┏━━

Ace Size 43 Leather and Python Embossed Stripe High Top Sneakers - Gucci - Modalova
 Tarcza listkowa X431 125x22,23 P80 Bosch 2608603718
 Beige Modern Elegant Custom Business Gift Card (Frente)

┗━━

• WHAT IS EXPECTED:
Reproduce the material verbatim, line by line.

• TASK SOLUTION:
Ace Size 43 Leather and Python Embossed Stripe High Top Sneakers - Gucci - Modalova
 Tarcza listkowa X431 125x22,23 P80 Bosch 2608603718
 Beige Modern Elegant Custom Business Gift Card (Frente)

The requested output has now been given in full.